Exercise directions: Extract exactly the lines from the top of the records through the line containing "Y-3 أخضر عسكري", and keep pictures out of the copy.

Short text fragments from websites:
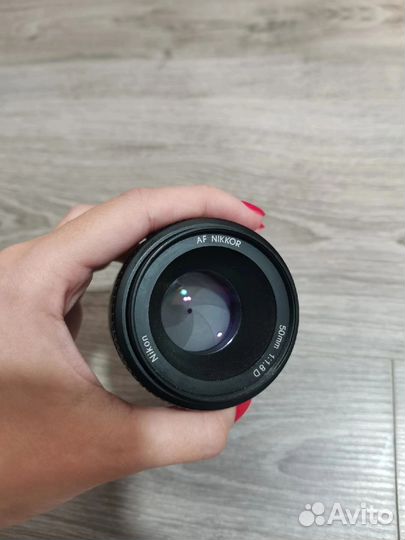 Объектив nikon 50mm 1 8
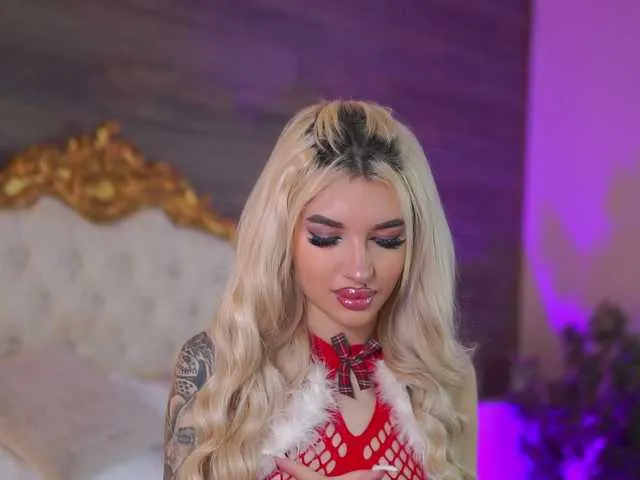 JuicyJessye broadcasting live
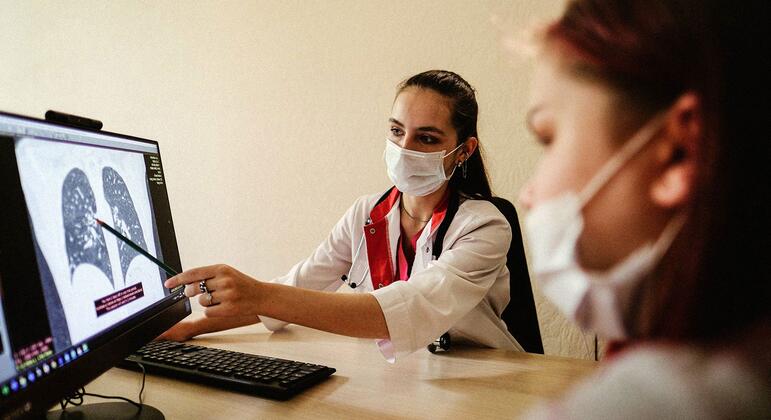 医生查看肺结核患者胸片。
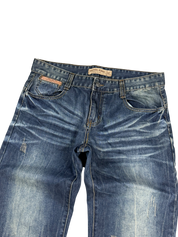 Washed Straight-Fit Jeans (M)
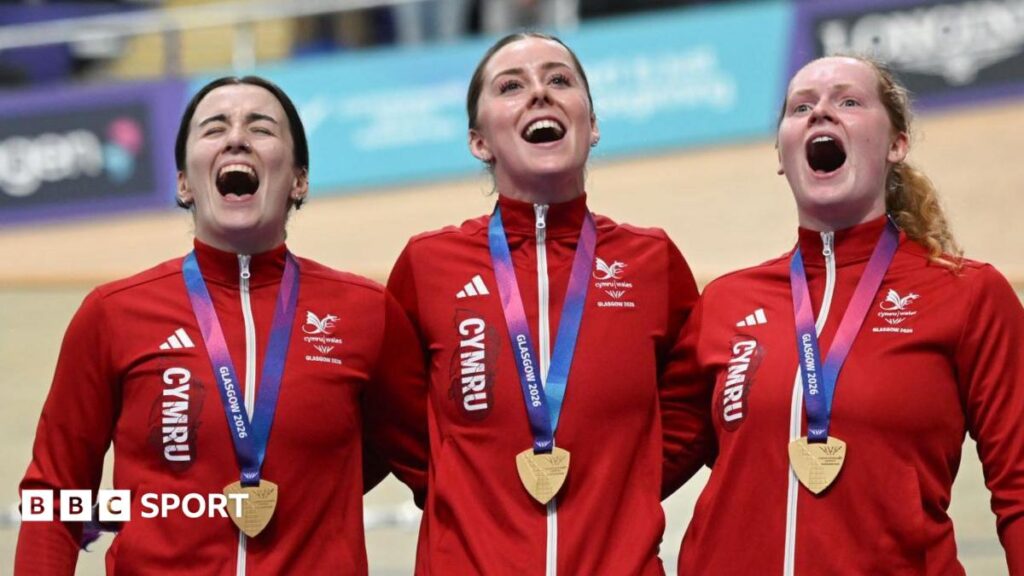 Wales trio win Commonwealth Games team sprint gold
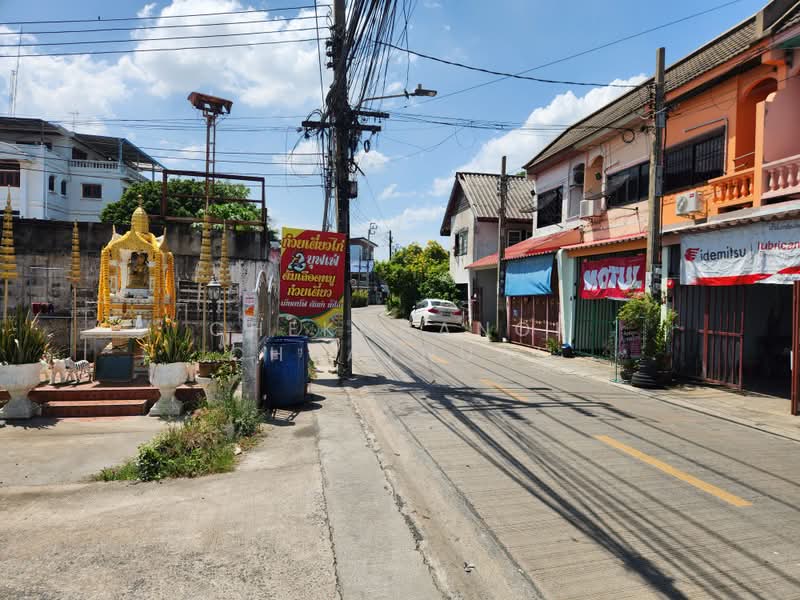 ทาวน์เฮ้าส์ เพชรเกษม 112, Bangkok, เพชรเกษม 112, Nong Kang Plu, Nong Khaem, Bangkok, 2 Bedrooms, 120 sqm, Townhouse For Sale, by Chekchanok Chuaynual, 500443639 - DDproperty.com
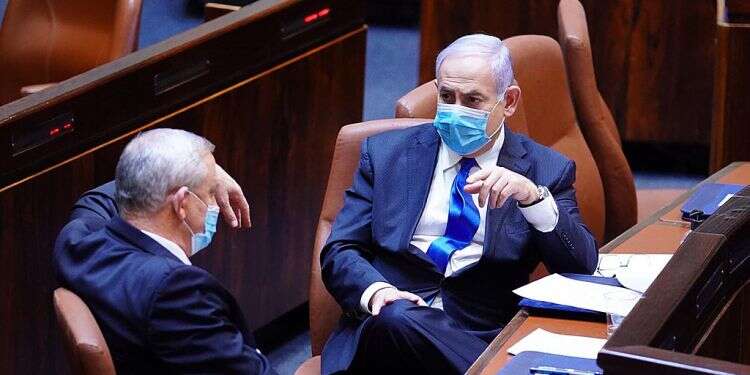 Netanyahu-Gantz partnership back on table, officials say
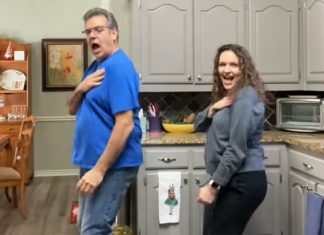 father-daughter-duo-dance-routine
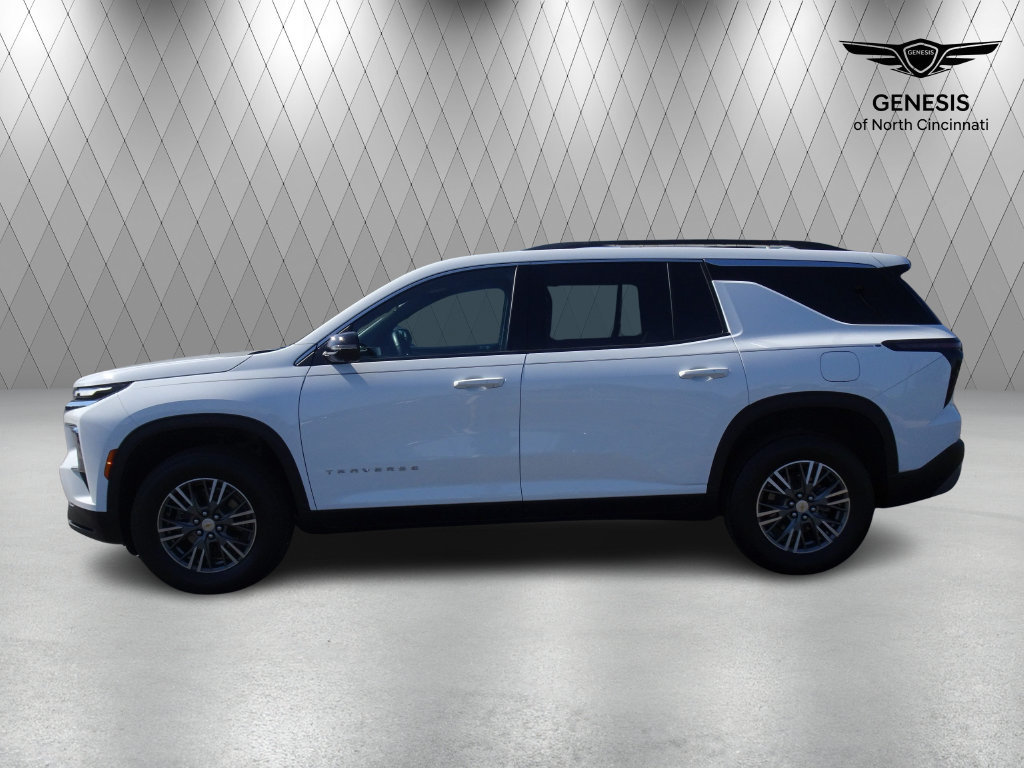 Used 2024 Chevrolet Traverse LT SUV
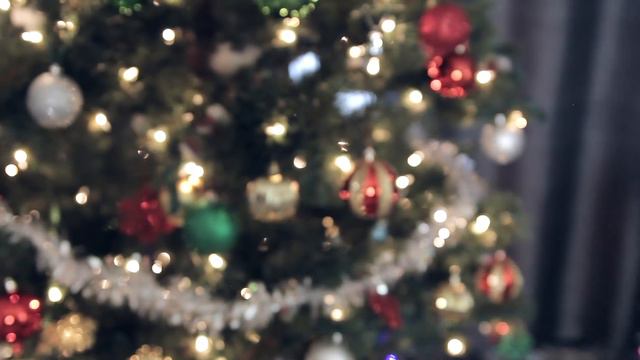 НАРЯЖАЕМ ЁЛКУ С МАМОЙ! DECORATING CHRISTMAS TREE смотреть онлайн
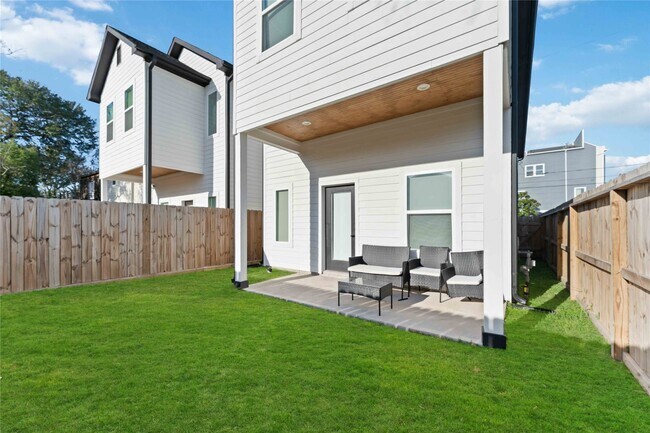 Building Photo - 3034 Gray St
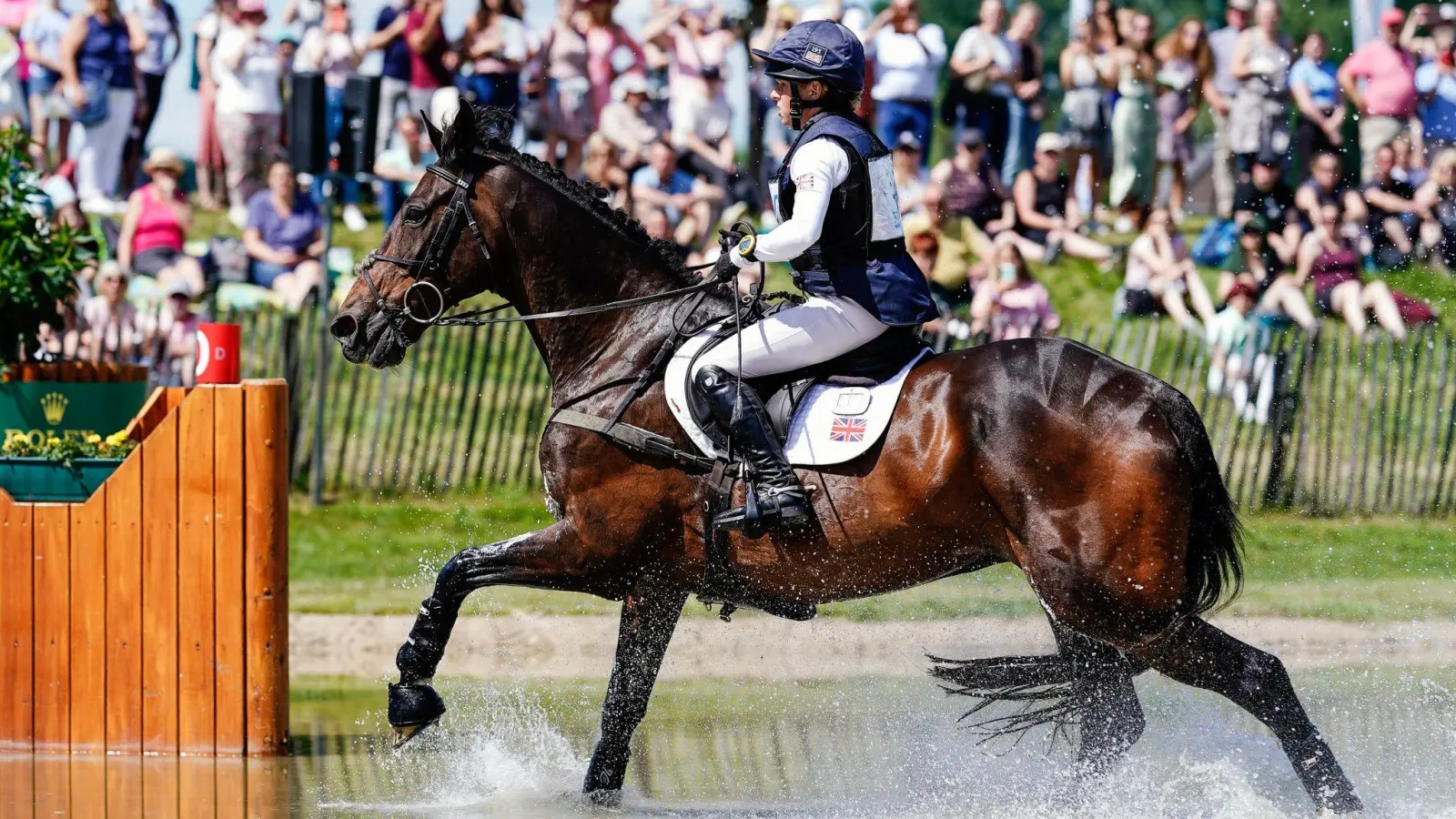 Vielseitigkeitsreiterin Rosalind Canter aus Großbritannien auf Allstar B beim Geländeritt. (Foto: Uwe Anspach/dpa)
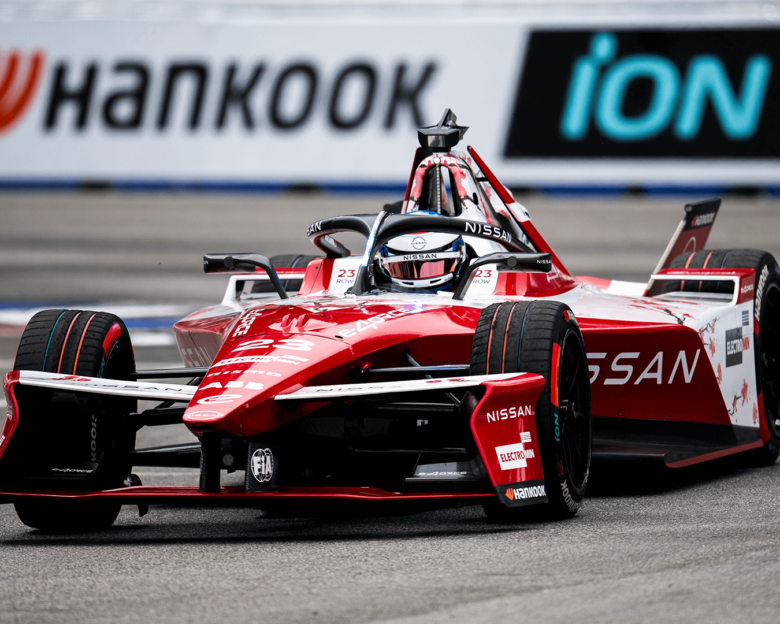 Formula E: Ηρωική νίκη του Ρόουλαντ με Nissan στο Μεξικό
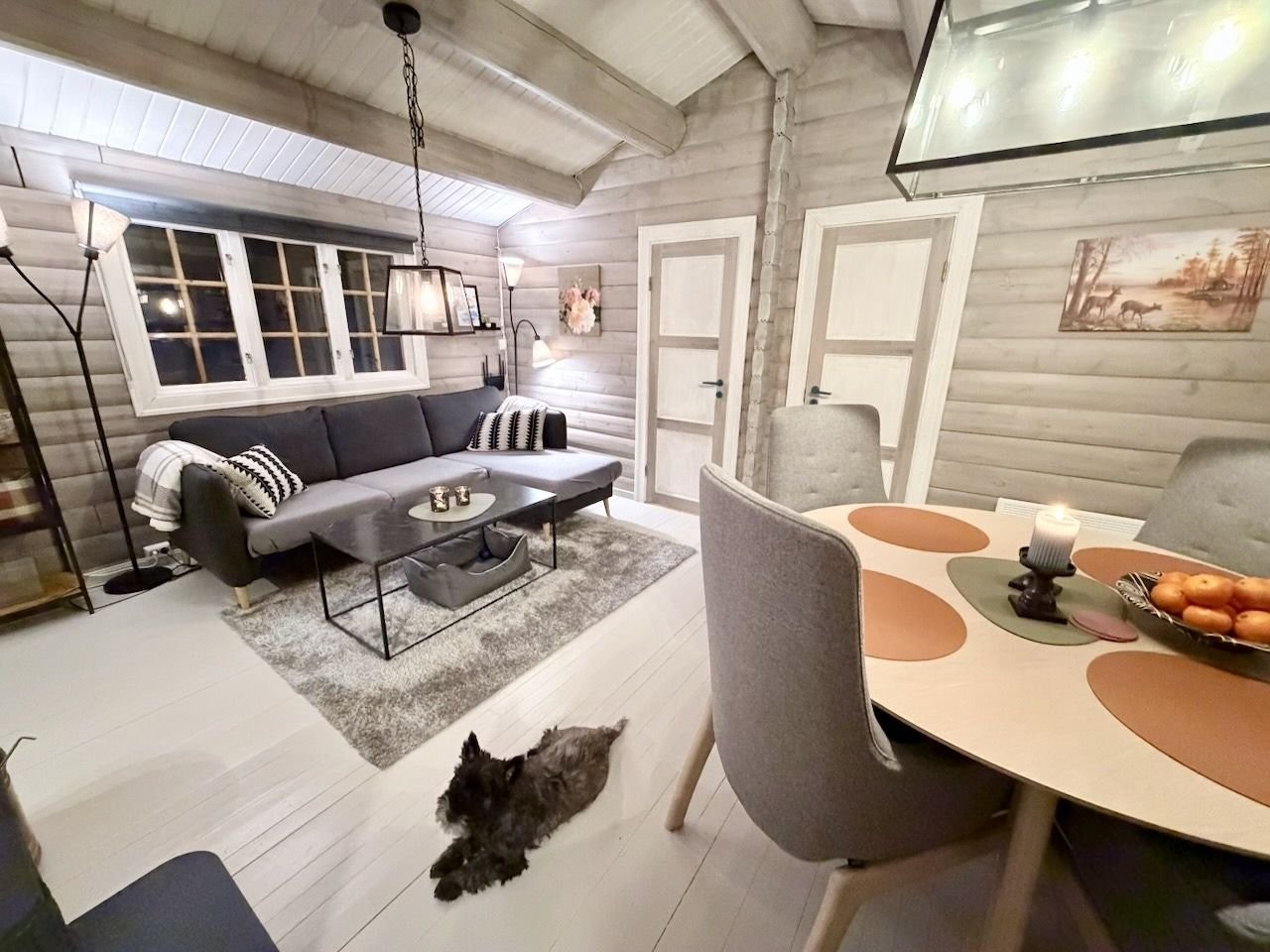 Lys og trivelig stue. Galleribilde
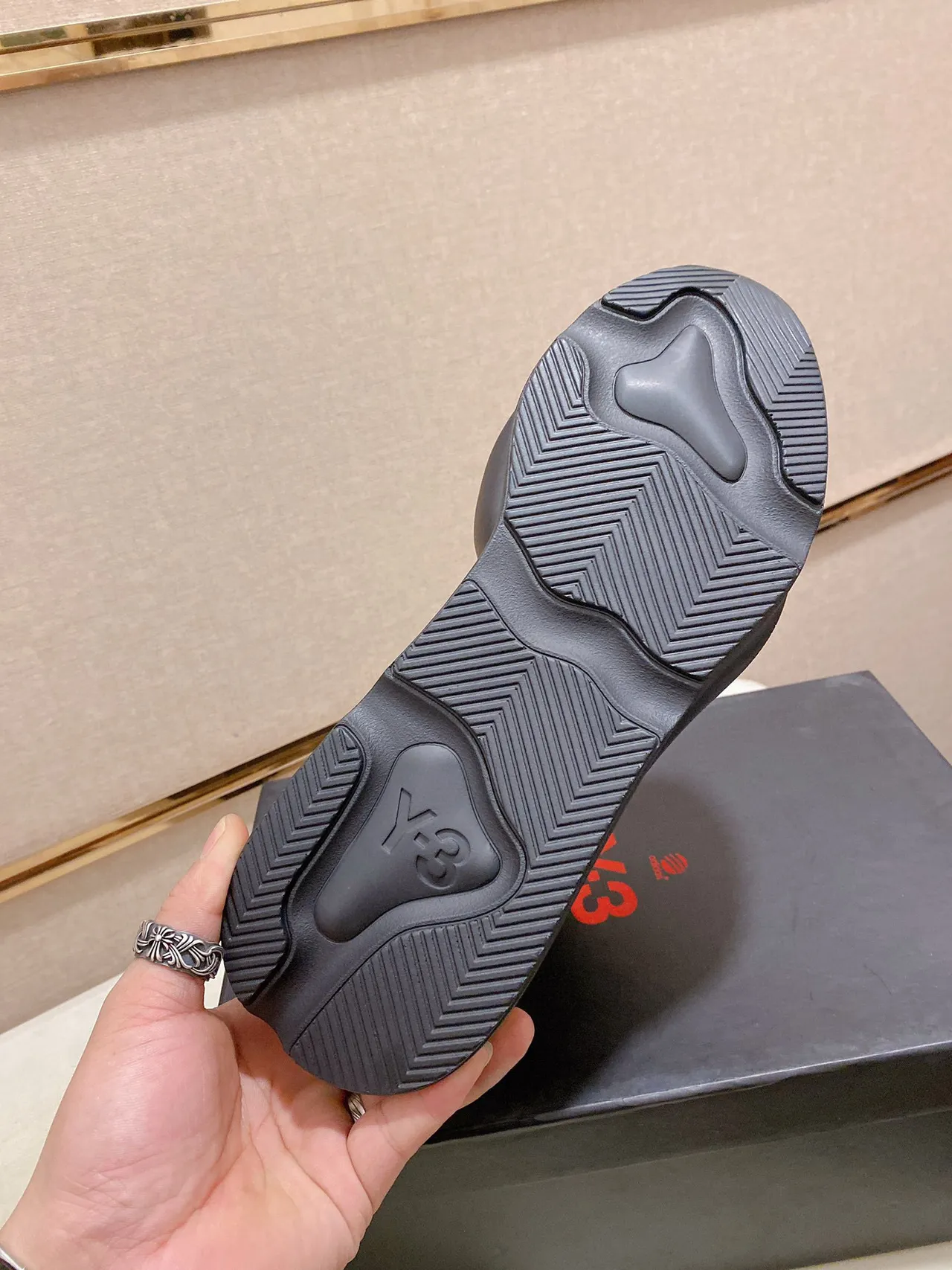 Y-3 أخضر عسكري أسود منحوت مونوليثيك ميد سول غير متناظر مثبت بخياطة أوفرليه لايف ستايل سنيكرز 2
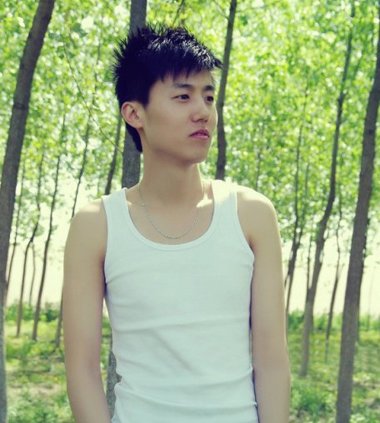 男孩短发发型有哪些 男生短发发型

Response to this exercise:
 Объектив nikon 50mm 1 8
 JuicyJessye broadcasting live
 医生查看肺结核患者胸片。
 Washed Straight-Fit Jeans (M)
 Wales trio win Commonwealth Games team sprint gold
 ทาวน์เฮ้าส์ เพชรเกษม 112, Bangkok, เพชรเกษม 112, Nong Kang Plu, Nong Khaem, Bangkok, 2 Bedrooms, 120 sqm, Townhouse For Sale, by Chekchanok Chuaynual, 500443639 - DDproperty.com
 Netanyahu-Gantz partnership back on table, officials say
 father-daughter-duo-dance-routine
 Used 2024 Chevrolet Traverse LT SUV
 НАРЯЖАЕМ ЁЛКУ С МАМОЙ! DECORATING CHRISTMAS TREE смотреть онлайн
 Building Photo - 3034 Gray St
 Vielseitigkeitsreiterin Rosalind Canter aus Großbritannien auf Allstar B beim Geländeritt. (Foto: Uwe Anspach/dpa)
 Formula E: Ηρωική νίκη του Ρόουλαντ με Nissan στο Μεξικό
 Lys og trivelig stue. Galleribilde
 Y-3 أخضر عسكري أسود منحوت مونوليثيك ميد سول غير متناظر مثبت بخياطة أوفرليه لايف ستايل سنيكرز 2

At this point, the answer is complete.